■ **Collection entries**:
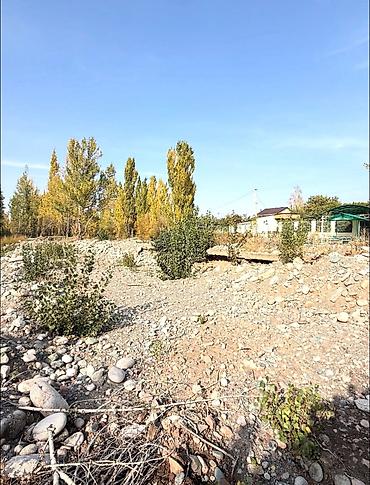 Продажа участков: 3 соток, Для строительства, Тех паспорт — 6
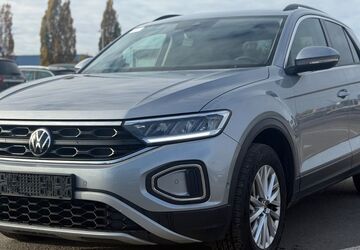 VW T-Roc 219.750 km 15.500 &euro; Blankenfelde Mahlow 15831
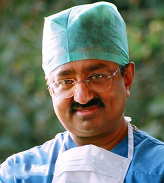 Dr. Vivek Jawali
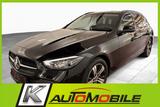 Mercedes-Benz C 200 d T Avantgarde Night+Kamera+Leder+Navi+LED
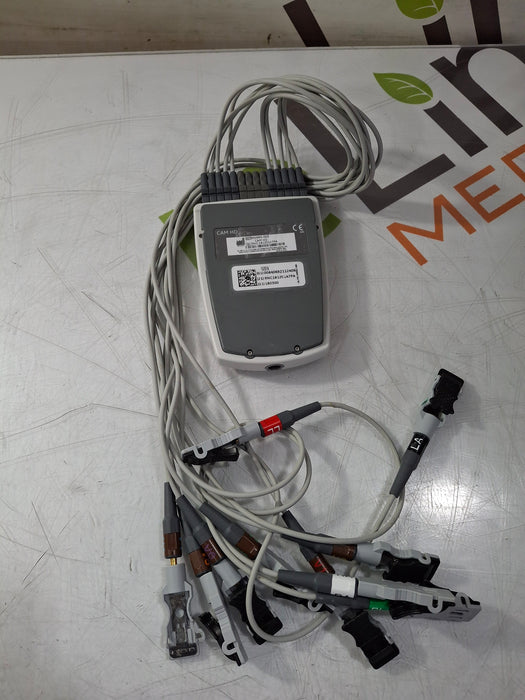 GE Healthcare CAM-HD Acquisition Module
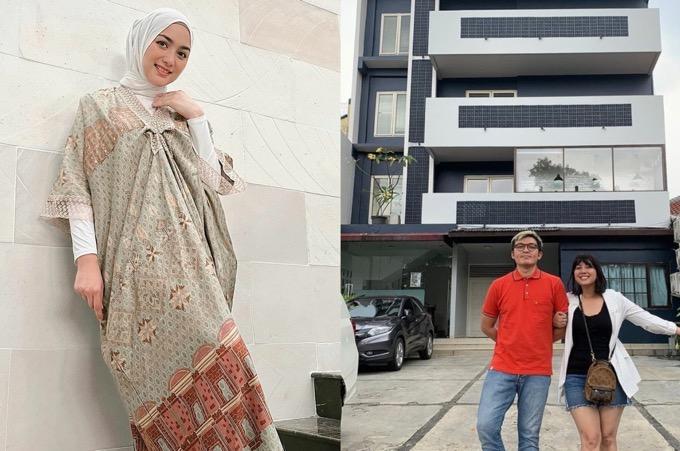 5 Artis Dikenal Sebagai Juragan Kontrakan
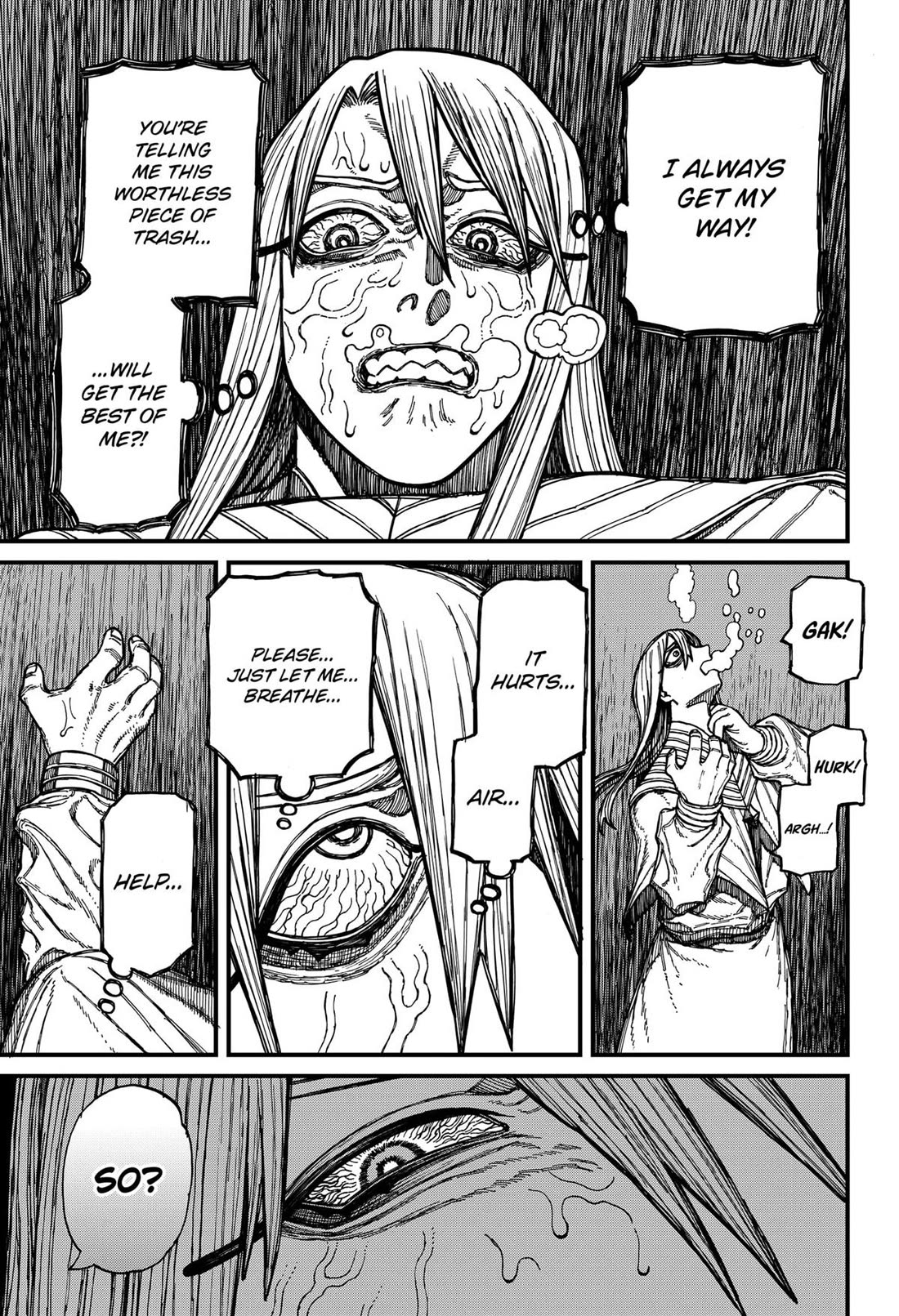Centuria Chapter 26 - Page 17
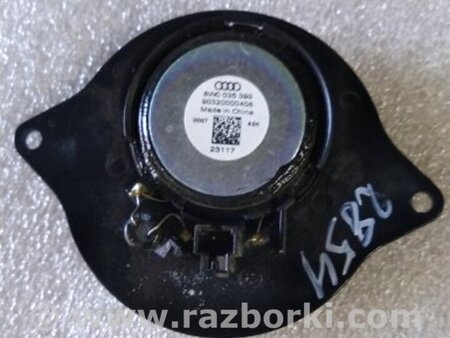 ФОТО Динамик для Audi (Ауди) A5 F5 B9 (16-24) Київ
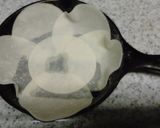 餃子の皮で作る！簡単ピザ風パリパリチーズ作り方1写真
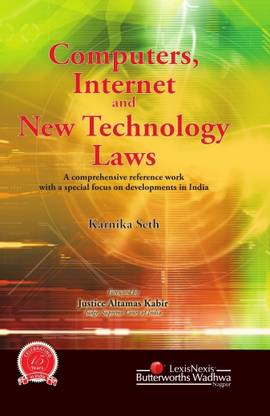 Computers, Internet and New Technology Laws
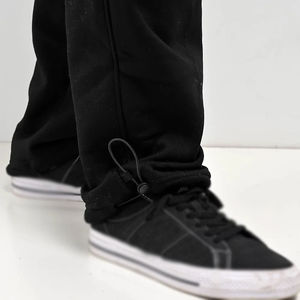 Pantalones Cargo de Algodón de Alta Calidad para Hombre, Pantalones Casuales con Bolsillos de Diseño Nuevo Personalizado, Venta Caliente, Pantalones de Hombre OEM Lavados - Product Image 6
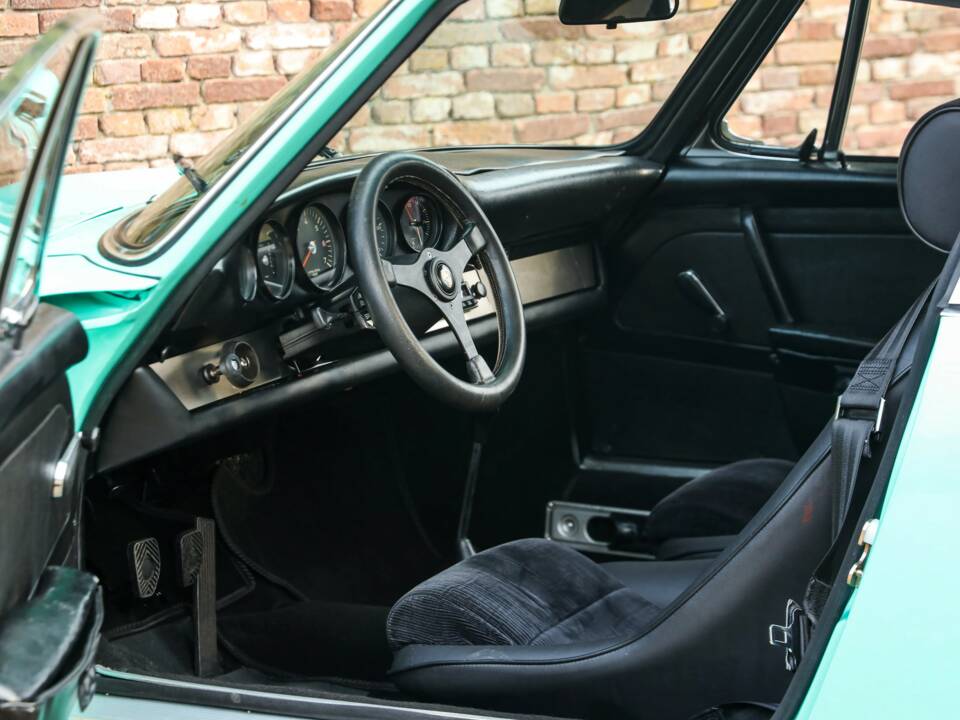 Immagine 20/50 di Porsche 912 (1968)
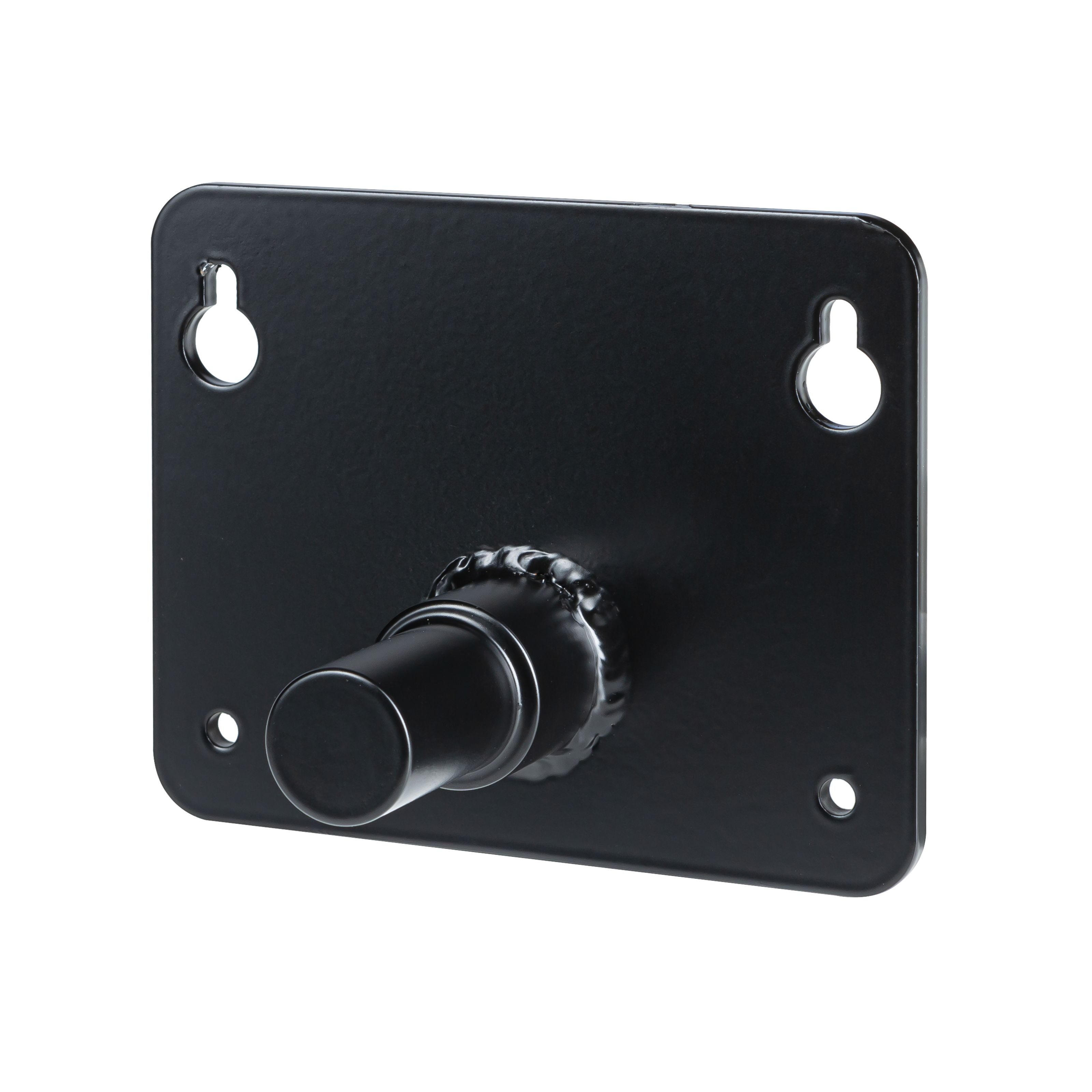 FAME Musikinstrumentenständer, (Zubehör für Drums, Halter), E-Drum Mounting Plate - Halter für Drums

■ **GOAL OF THE EXERCISE**:
From the line containing "Immagine 20/50 di Porsche 912 (1968)" to the final line above, both included, transcribe every line exactly and leave all pictures out.

■ **SOLUTION TO THIS TASK**:
 Immagine 20/50 di Porsche 912 (1968)
 FAME Musikinstrumentenständer, (Zubehör für Drums, Halter), E-Drum Mounting Plate - Halter für Drums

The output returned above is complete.